Et la France ? Qu’il s’agisse de l’impact de la crise, des solutions apportées et de leur efficacité, la situation de l’Hexagone semble un peu à part, à en suivre les analyses des différents intervenants. Ici, « la crise est assez spécifique et structurelle (…) La plupart des éléments préexistaient à la crise de 2009 », estime Guillaume Roty, attaché économique à la représentation de la Commission européenne en France, citant notamment la perte de marchés, un taux de chômage élevé et des finances publiques qui flirtaient déjà avec les limites des règles définies par l’Union européenne. Aujourd’hui, « l’amélioration est moins rapide que dans les autres pays (…) L’économie française s’enlise dans une activité stagnante », poursuit l’attaché économique.

En cause : les solutions apportées qui ne seraient pas à la hauteur. Réforme du travail, libéralisation du marché des services, consolidation budgétaire... « les réformes ont été menées de manière très progressive », commente diplomatiquement Guillaume Roty.

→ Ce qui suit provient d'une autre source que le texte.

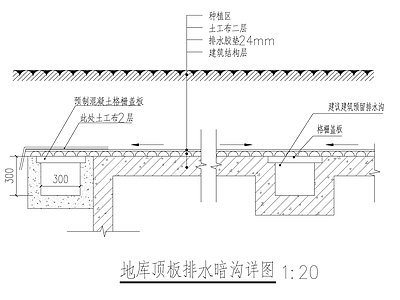 地库顶板排水暗沟详图 施工图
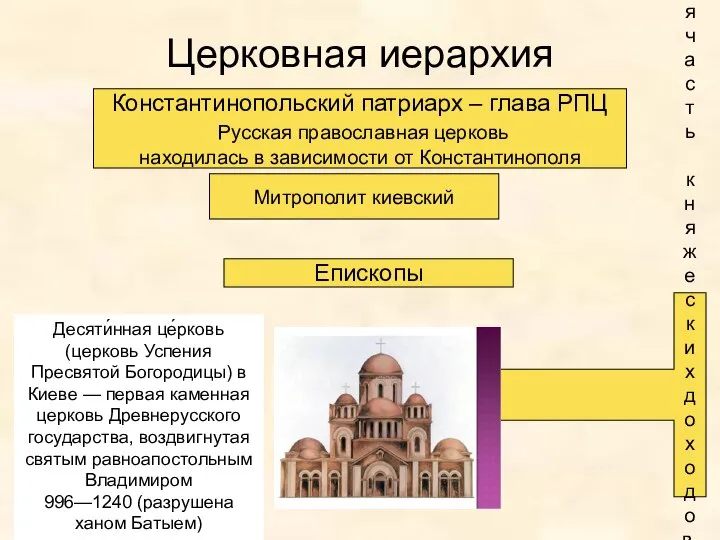 Церковная иерархия Константинопольский патриарх – глава РПЦ Русская православная церковь находилась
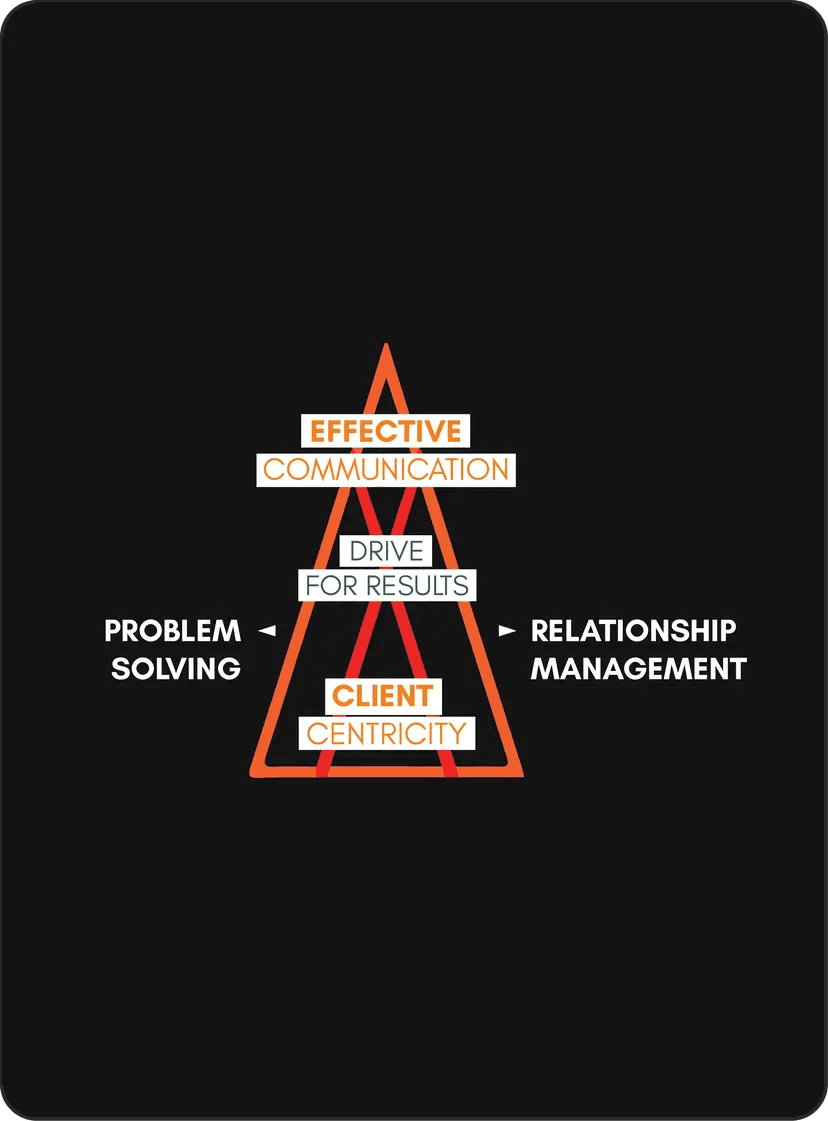 High_Potential_Model_visual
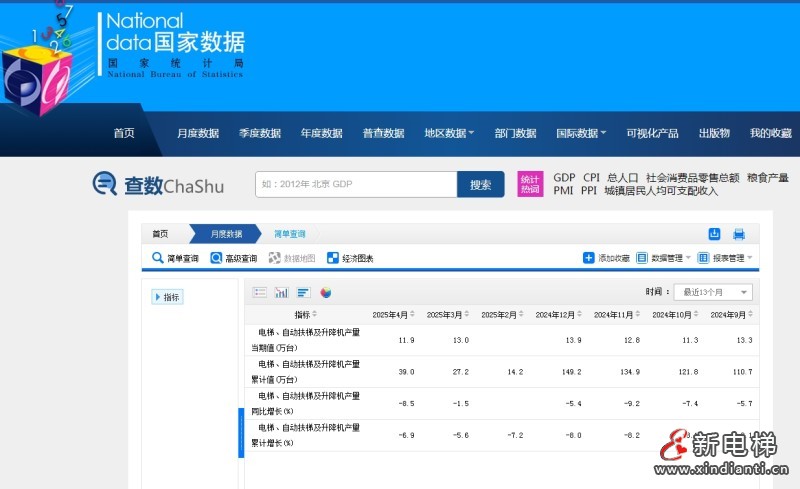 新电梯早新闻 2025年5月22日 四月廿五 星期四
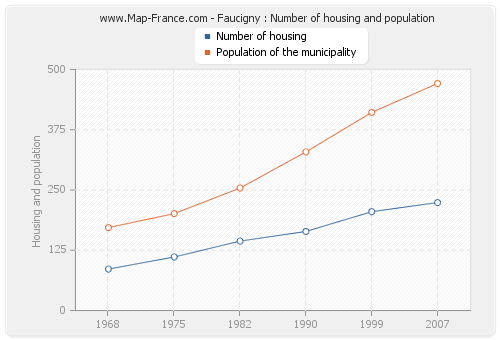 Faucigny : Number of housing and population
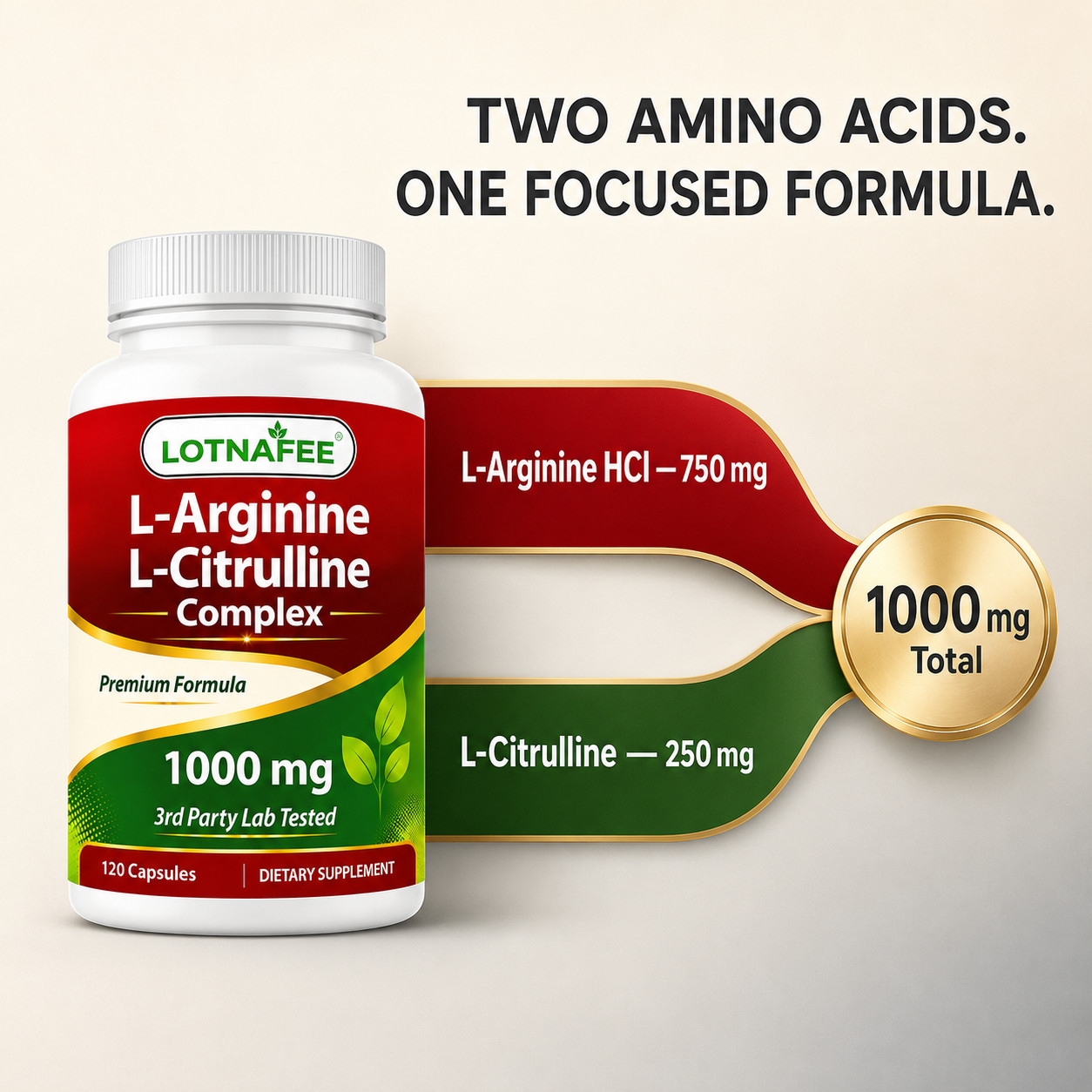 Best Natural L-Arginine 1000 mg, 120 Tablets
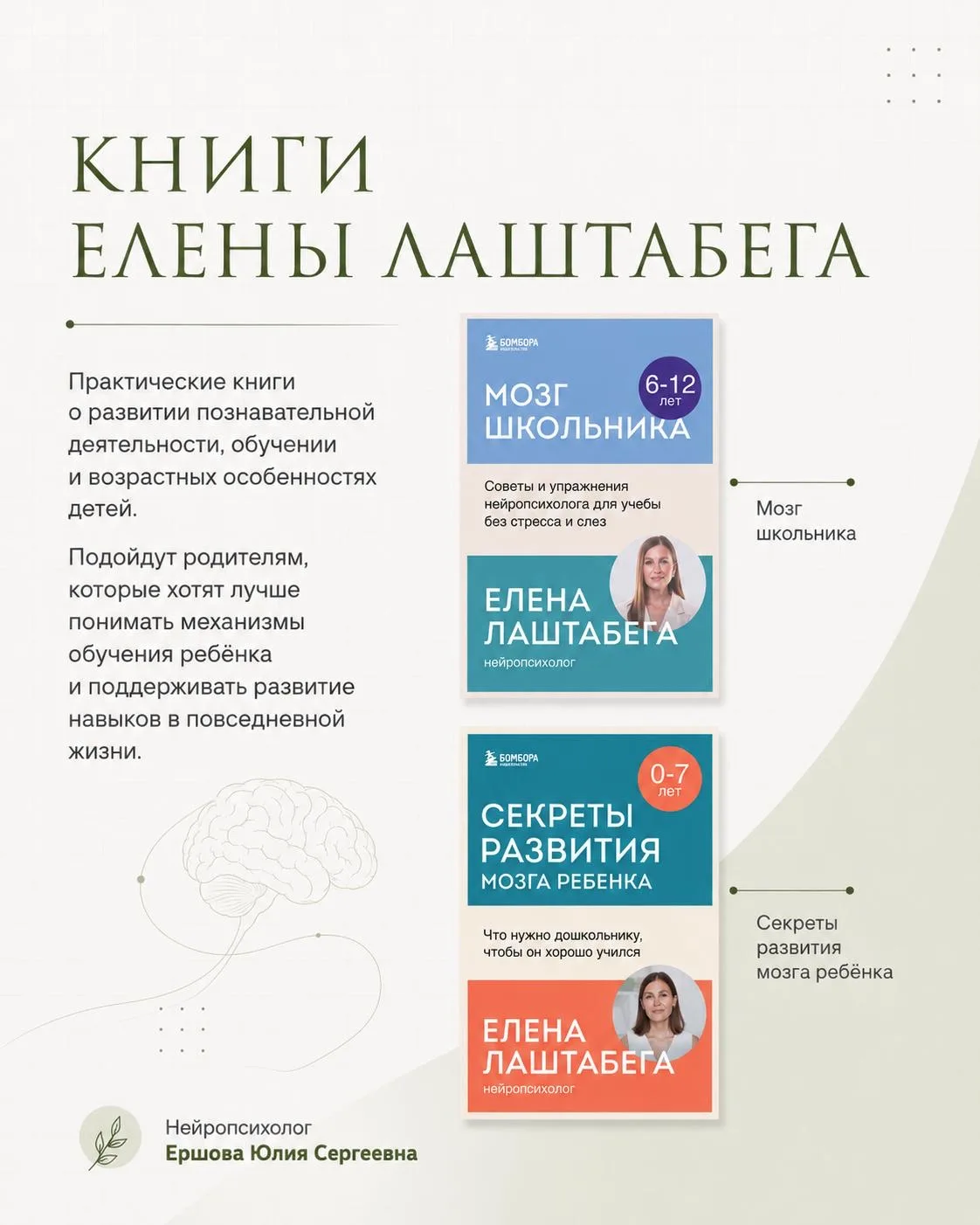 Из канала 📚НЕЙРОПСИХОЛОГ|ЮЛИЯ ЕРШОВА|КАЗАНЬ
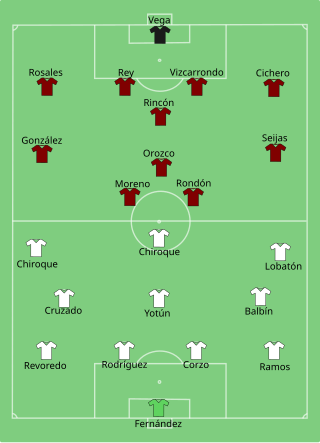 Alineación inicial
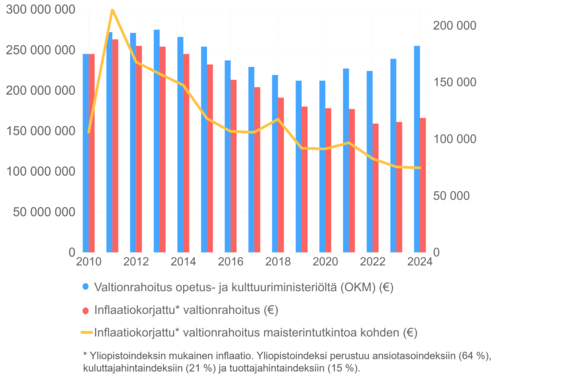 Kaavio näyttää Suomen koulutusrahoituksen kehityksen vuosina 2010-2024 sinisinä ja punaisina palkkeina, keltainen viiva osoittaa inflaatiokorjatun rahoituksen.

Son analyse est largement partagée par Peter Jarrett, responsable de la division des études pays de l’OCDE (Organisation de coopération et de développement économiques). Pour ce dernier, les difficultés françaises proviennent notamment de la faiblesse du taux de marge des entreprises, qui ne leur permettent pas de profiter d’une éventuelle hausse de la consommation, laquelle se reporte sur les importations. Une situation que Peter Jarrett attribue à une trop grande importance du secteur public, en France. « On ne peut pas continuer à imposer au secteur privé les coûts de l’ensemble des administrations publiques en France », avance l’économiste, pour qui l’une des clés réside dans un effort de simplification. « Dans beaucoup de domaines en France, il y a une exagération de complexité, par exemple dans le domaine des retraites », explique Peter Jarret,t pour qui le plan de « choc de simplification » mis en œuvre par le gouvernement demeure insuffisant.